Your goal: Line by line, copy out the data below exactly.

*** Opening Source material ***

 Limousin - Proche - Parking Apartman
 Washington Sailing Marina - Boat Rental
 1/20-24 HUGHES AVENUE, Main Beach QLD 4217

*** Closing Source material ***

Answer to this task:
 Limousin - Proche - Parking Apartman
 Washington Sailing Marina - Boat Rental
 1/20-24 HUGHES AVENUE, Main Beach QLD 4217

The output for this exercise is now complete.